My topic today is suggested by a friend's birthday. I know it is Lent but we have to make exceptions. We have sherry before lunch and wine with it on Sundays and argue that Sundays are not part of Lent. A table friend is hanging on to something extra for Refreshment Sunday, a family reward for being brave and giving up driving at 89. A carafe on the table for a meal on the continent is a real pleasure.

It's sour grapes, but you can't beat a £5 bottle
Max Davidson laments the passing of the cheap plonk that has seen him through good times and bad.

Has it really come to this? More than a fiver, minimum, for a bottle of wine? It only seems like yesterday that I could buy a bottle of plonk at my local off-licence and have change from three quid. An entire way of life - not just for me, but for millions like me - is drawing to a close.

'There are as many different attitudes to wine as there are varieties of grape'.

Cheap wine, predict the doom-mongers at The Grocer magazine, is about to become a thing of the past. Soon, according to its annual survey of the international wine market, it will be hard to find a decent tipple for £5 in even the cheapest supermarkets.

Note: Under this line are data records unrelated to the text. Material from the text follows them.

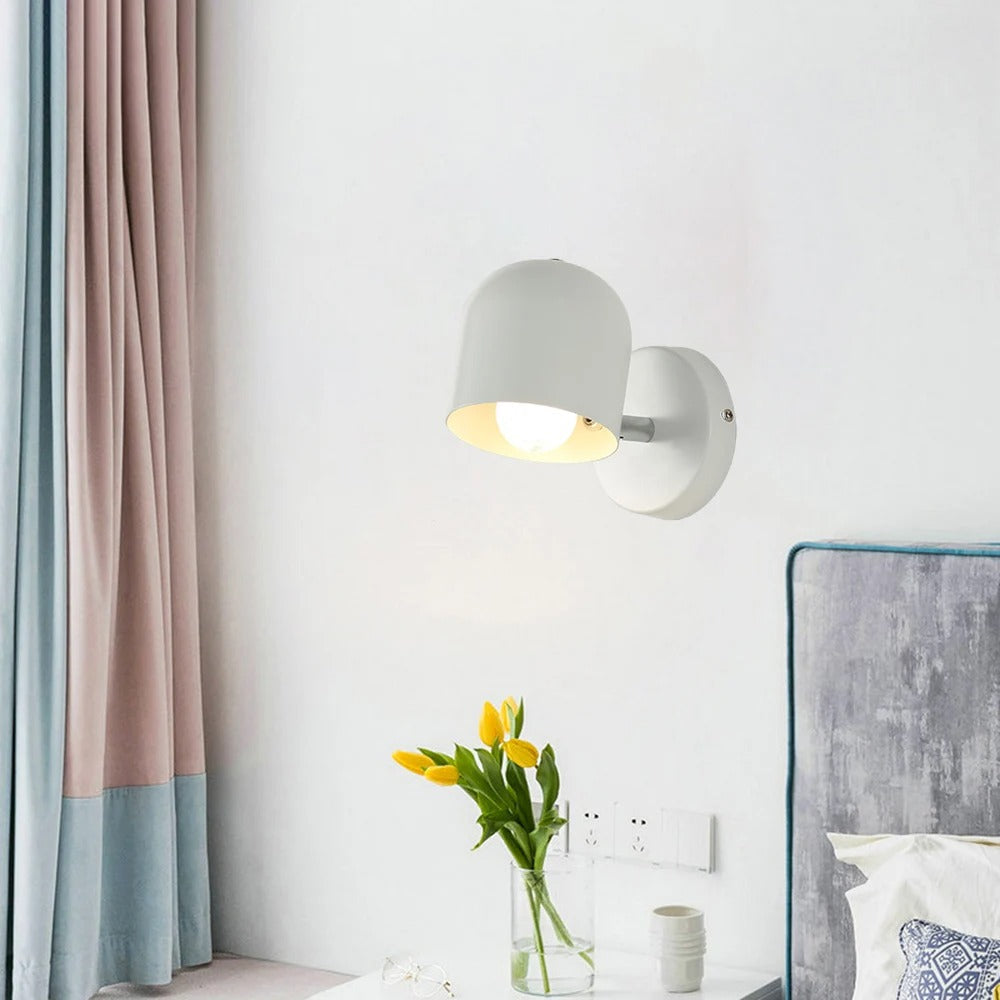 Modern Macaron Dome Wall Sconce with Glass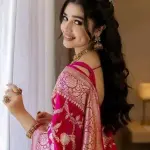  New trendy Banarasi Silk Pink Jacquard Saree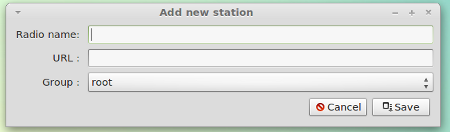 Adding a radio station bookmark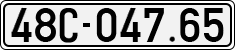License plate of Vietnam, Cars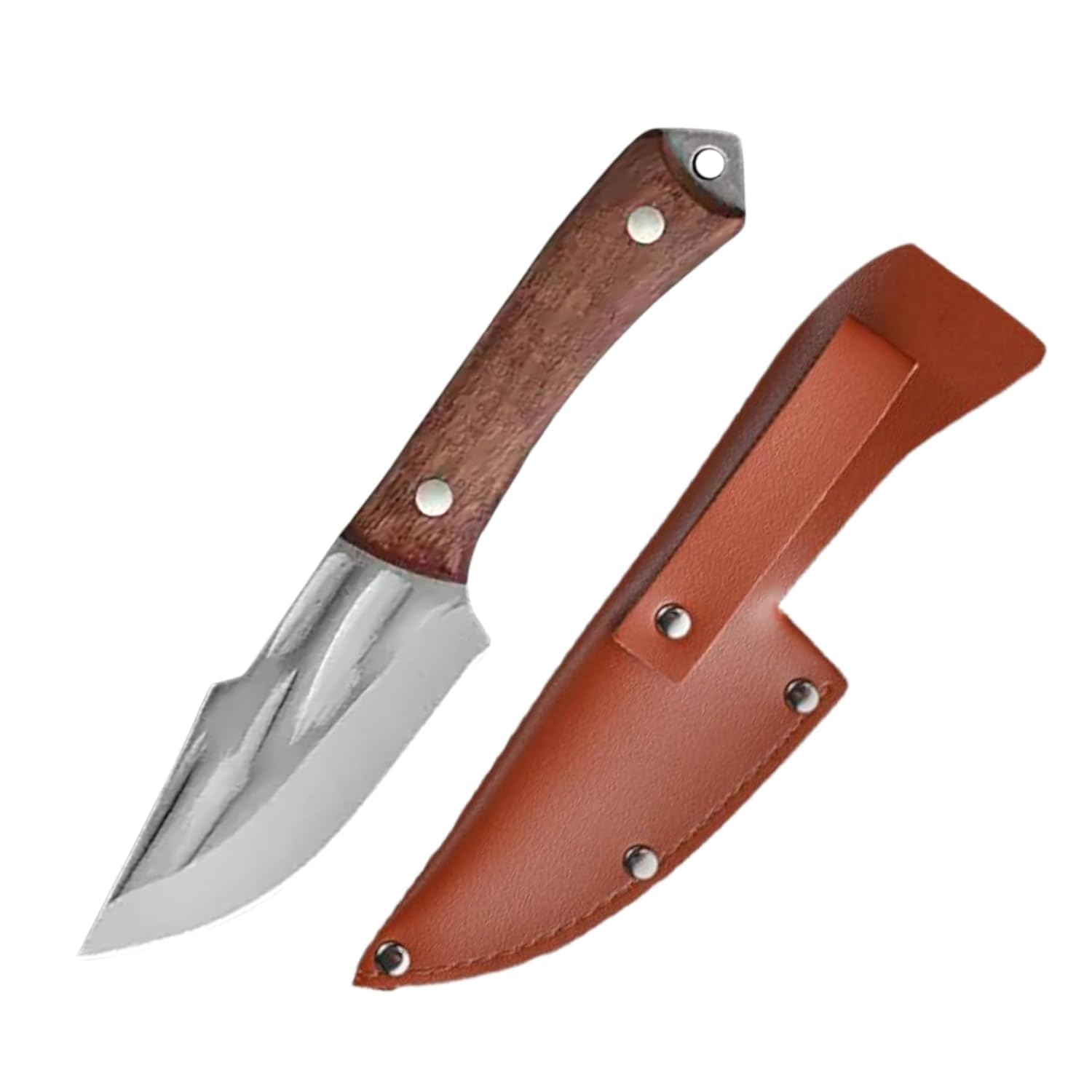SAPIENT Japanese Style Mini Pocket Kitchen Knife with Sheath - Ebony Handle - Perfect for Fruit, Vegetable Slicing, Chopping for Outdoor Camping & Restaurant (25c) (B0DBLK1YWZ) Amazon Price History, Amazon Price Tracker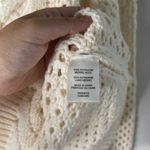 Rebecca Taylor  white merino wool cable knit sweater size‎ small Photo 6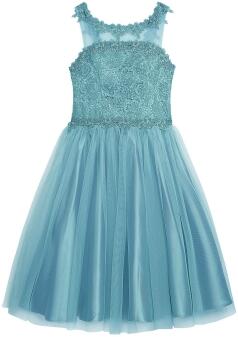 Danamade festliches Teens Mädchen Kleid Celia smoke blue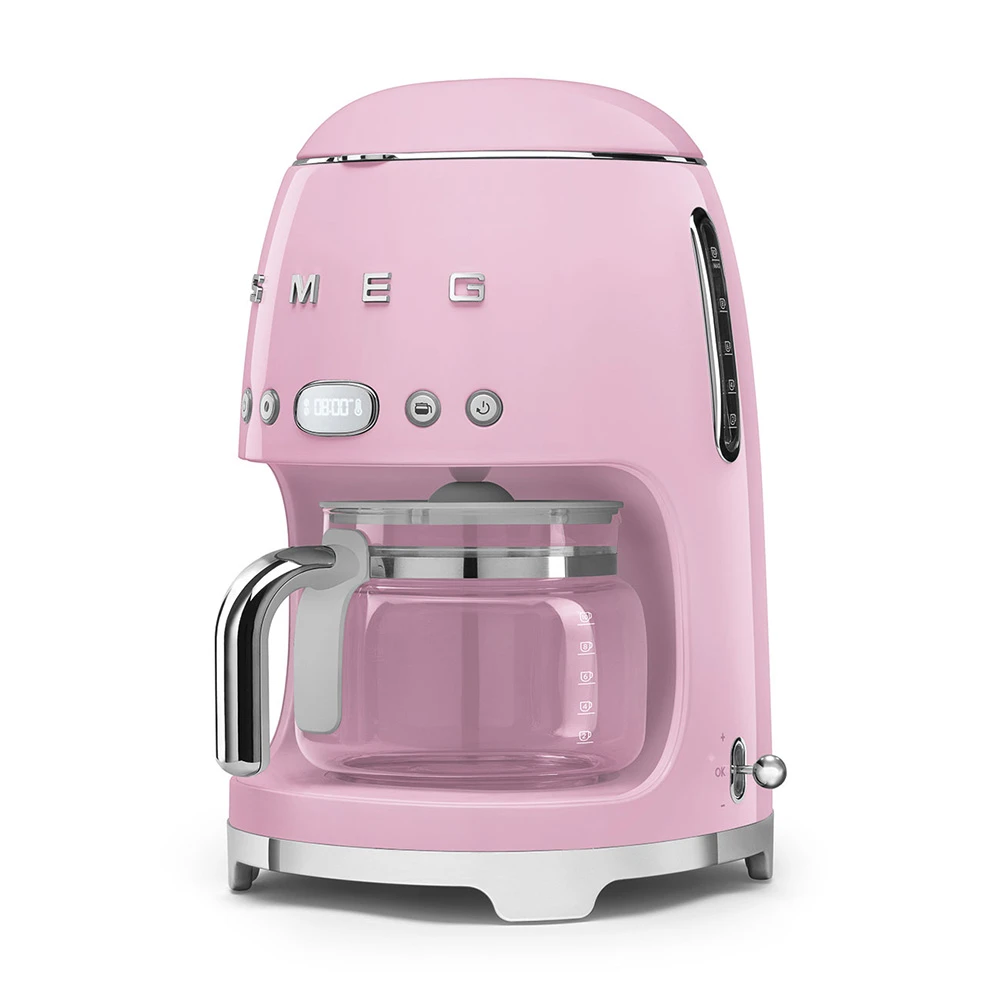 Smeg Pembe Filtre Kahve Makinesi DCF02PKEU Hemen Al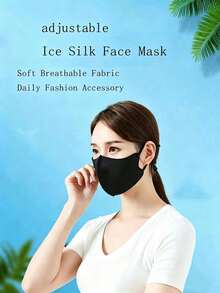 5/10PCS Adjustable Dustproof Anti-UV 3D Adult Ice Silk Sunscreen Mask - Multicolor - View 6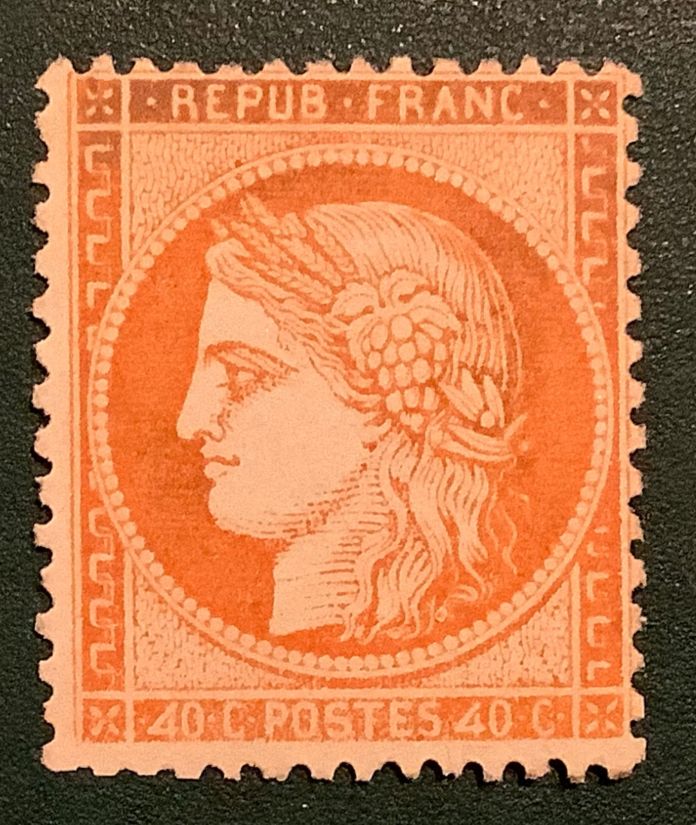 1870 : 40 cent Siege de paris with retouched 4 - Yvert 38d - MNG - Value : 4.350 euro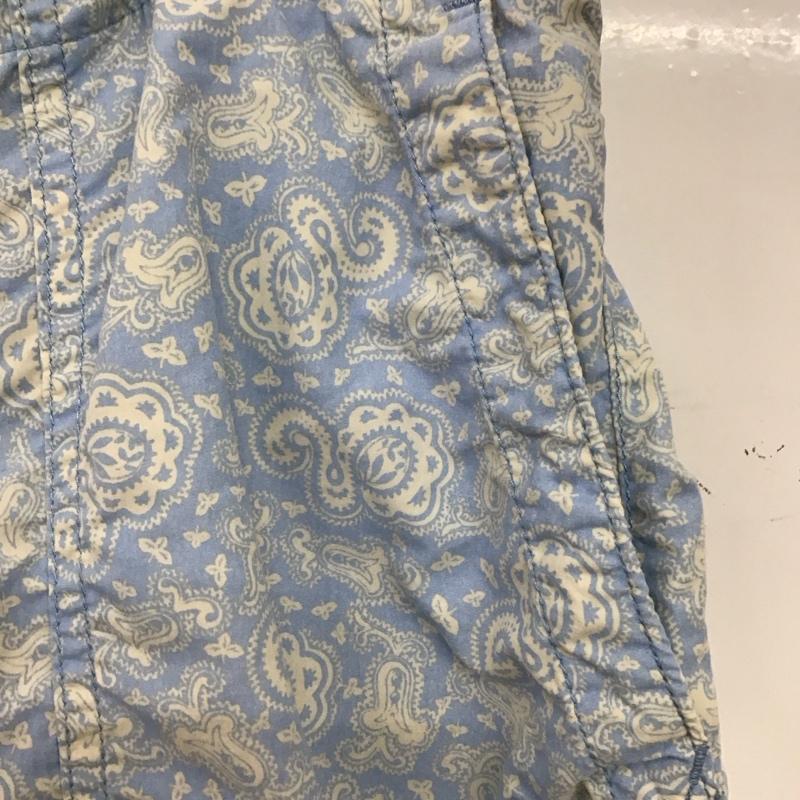モヒート MOJITO パンツ ショートパンツ ショートパンツ ハーフパンツ カジュアルパンツ L プリント 水色 / ライトブルー / メンズ USED 古着 中古 10159484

The causes are many and complex - too much rain in Europe, too little rain in Australia, the higher price of transport and packaging - but the bottom line is what counts, and the bottom line, for me, is terrible.

It is not just the money: I can stretch to £6 a bottle, £7 at a pinch. It is the death of cheap plonk - the cheaper the better, as every plonk-lover knows - as a lifestyle choice. I feel quite bereft, as if all the friends of my youth were passing away at once.

Farewell, Rioja, my best buddy from Spain, my trusty companion when I was a student! You were there for me when I was young and poor and striving for sophistication and all my friends were drinking beer.

Farewell, Blue Nun! How often I turned up at parties with you tucked under my arm!
Farewell, Bull's Blood from Hungary! You were the cheapest of the lot, but I never held it against you. Remember that strawberry blonde we swept off her feet because she thought you were the cool new thing? You played a blinder that night, old friend.

Farewell, Valpolicella, my plonk of plonks! Have we really seen each other for the last time? You used to come in stonking two-litre bottles, like the great Italian diva you were. Quantity, not quality: you taught me that. And give my love to Lambrusco if you see him.

For serious wine-lovers, whose mantra is that you get what you pay for, the hike in prices is neither here nor there. "I would not normally touch anything under £5.99 with a bargepole," says my colleague Jonathan Ray, The Daily Telegraph's wine critic.

"You can get bargains if you shop around, but if you dig your heels in, and refuse to pay more than a fiver under any circumstances, you will be drinking such poor wine that you might as well not bother."

Those in Whitehall are also unlikely to mourn the passing of plonk, due to the association between cheap booze and binge-drinking. If young people have to pay more than a fiver a bottle, they will drink less, perhaps even drink more discerningly.

So why am I still licking my wounds? Why does a £5 minimum for a bottle of wine seem so much more of a shock to the system than the 50p chocolate bar, or the £1 litre of petrol?

I think it's because wine - more than any other consumer product, more even than clothes - reflects the sort of person you are. Do you sip or slurp?

Let the wine breathe or just uncork and let rip? In restaurants, do you make a beeline for the most expensive wine on the menu, and fantasise about blowing £10,000 on a Château Pétrus 1982? If you are bringing a bottle for your host or hostess, do you feel stingy if you pay less than £12?

There are as many different attitudes to wine as there are varieties of grape; and my own, I realise, is robustly, unashamedly plebeian. At heart, I am still that 19-year-old student, going into a shop with a few pounds in my pocket and scanning the wine labels with a single objective in mind - to find the cheapest.

It would be nice to think that there were enough of us inveterate plonk-buyers, for whom every penny spent over £3 is a source of resentment, to make some kind of a stand on the issue.

I can see us marching down Whitehall with our banners ("Protect Cheap Booze!", "Change From A Fiver!") and bottles of dodgy Bulgarian red in our rucksacks.

It will never happen, of course. Apathy will rule, wine prices will creep ever upwards, and all we will be left with is our memories.

But only fools would decry those memories - of youth, of excess, of self-indulgence in times of penury. Forget grown-up wine. With plonk, the sweetest bouquet of all is the taste of a few pence saved.